What is important is for the opposition to convey to the public that in the battle to defeat Modi’s BJP in 2024, the differences between Congress and AAP signify nothing. AAP does not need the support of the coalition to rout BJP in either of the two states that it now governs. In Delhi it won 67 and 62 out of the 70 vidhan Sabha seats with a colossal 54% of the vote in 2015 and 53.6% in 2020. These are figures that the Congress did not even come close to matching either at the Centre or in any of the states from 1947 till 1989. In Punjab, AAP won 92 out of 117 seats last year with 42% of the vote. Against this, the Congress, BJP and Akali Dal together won only 23 seats with 23.9%, 6.6% and 18% of the vote, respectively.

The message these results send is unambiguous: whether the AAP joins or does not join the coalition formally in 2024 will make no difference to the number of seats it will win in the Lok Sabha.

Nor is there the faintest chance that AAP will enter into any post-poll alliance with the BJP, for not only has it suffered more at Modi’s hands than any other party, but it would destroy every tenet upon which its meteoric rise has been based.
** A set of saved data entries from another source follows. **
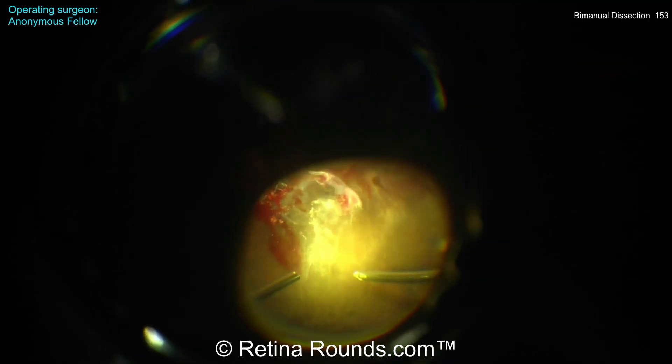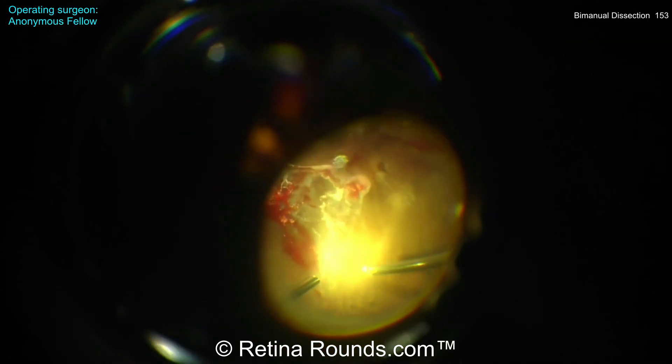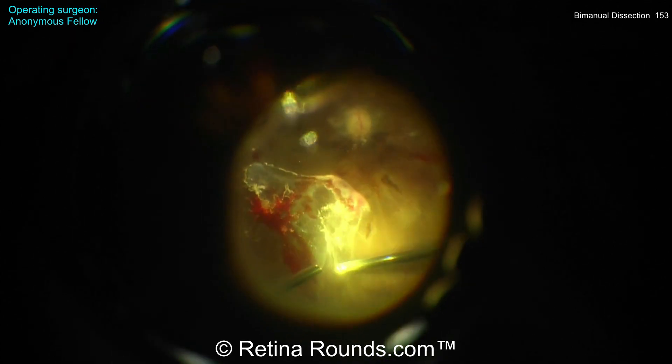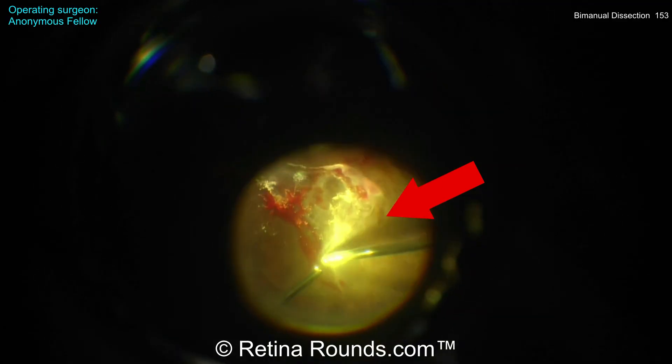Now using the vitreous cutter to elevate the anterior edge of the hyaloid and debulking some of the vitreous anterior to this fibrovascular membrane. And you can see here as the cutter is being pulled, there's another iatrogenic break — a slit break that's created there.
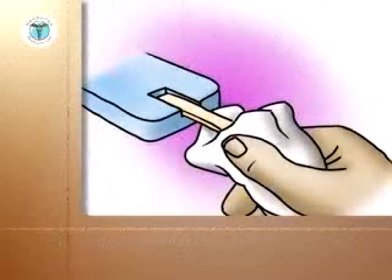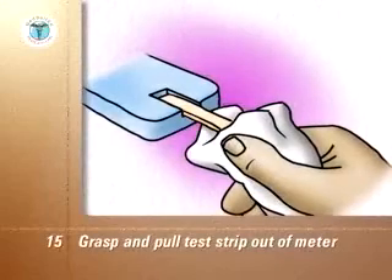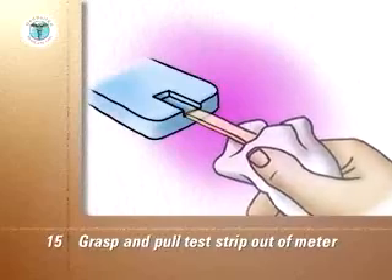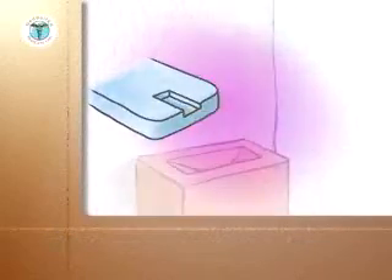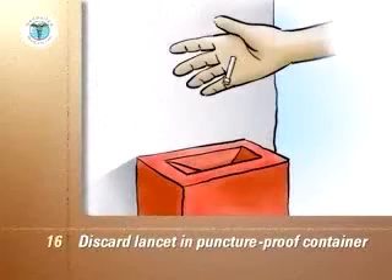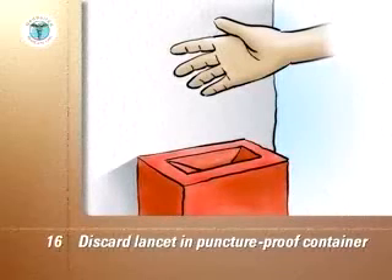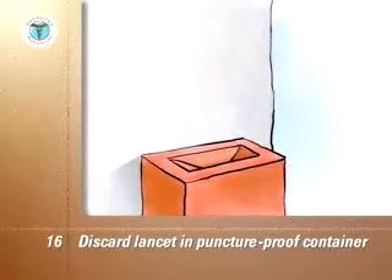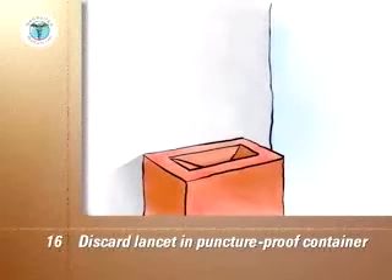Once the blood sugar reading on the meter is complete, use the tissue to grasp the test strip and pull it out of the meter. This usually turns the meter off. Discard the lancet in its protective cover and the used strip into a glass or puncture-proof container with a screw top, or a sharps container purchased from your local pharmacy. Replace the cap on the container. When the container is full, cap it and discard it into the trash.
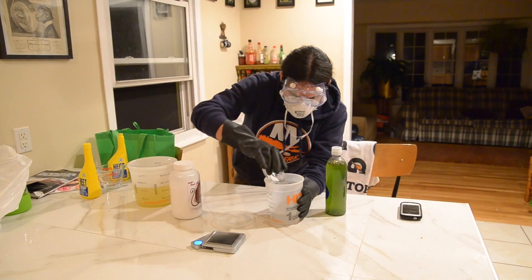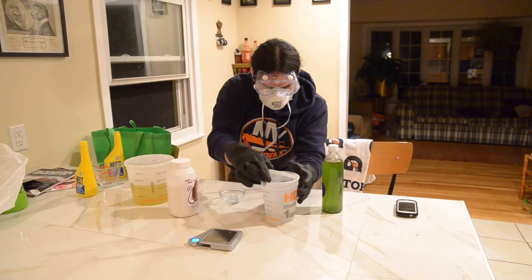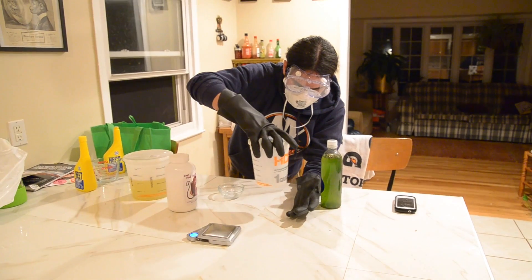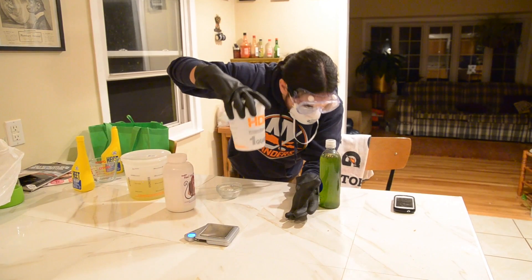So, 5 grams of sodium hydroxide in 200 milliliters of methyl alcohol. Close it tight, and then just swirl it around. It should fully dissolve in a minute or so.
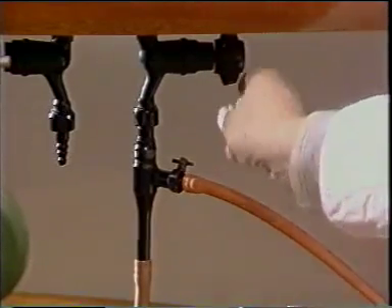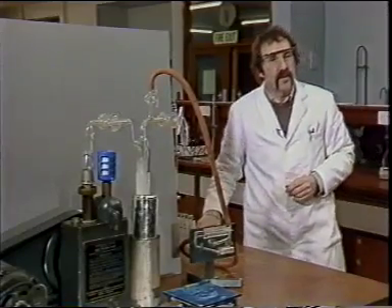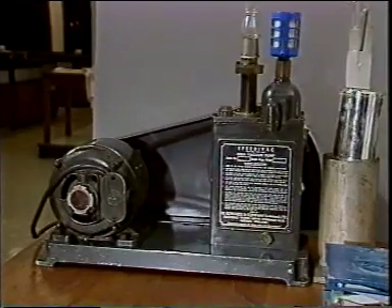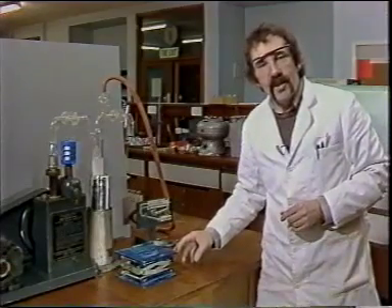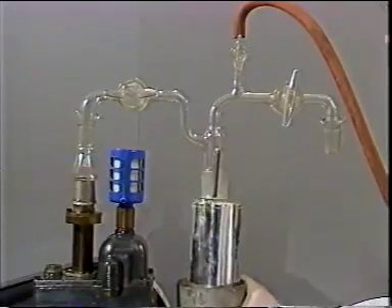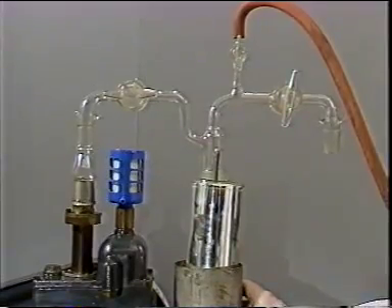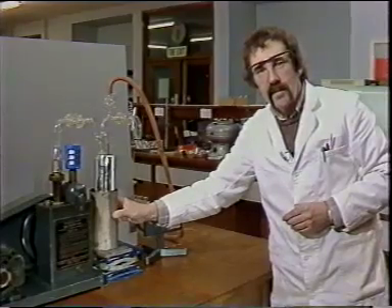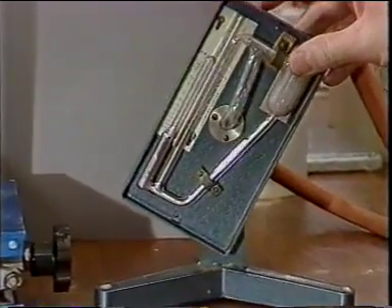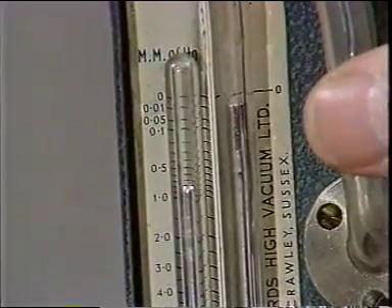A pump of this sort always has to be turned fully on when we're using it for distillation. If we need lower pressures than that, we have to use a rotary oil pump, and we have one here. In order to avoid contaminating the oil in the pump with organic vapours from our reaction, we need to intersperse a trap between the pump and the reaction vessel. This is filled with acetone and dry ice, which gives us a temperature low enough to freeze out the organic vapour. We measure the pressure on this McLeod gauge, and you can see it is recording a pressure well below one millimetre.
These are its complete disregard for caste, creed, colour and gender in its policies and governance, and its commitment to serving the poor instead of being served by the poor.

Finally, AAP will contribute more to the saving of Indian democracy by refusing to compromise on its demand for support in the Rajya Sabha and being willing to fight alone if necessary, than by making any of the compromises that will be necessary to become part  of an alliance of political parties. For it will demonstrate to the entire nation that the era of entitlement politics, in which candidates demanded votes from the electorate on the basis of their caste or creed, has ended and that of service politics, in which votes have to be won by serving the people, has finally dawned.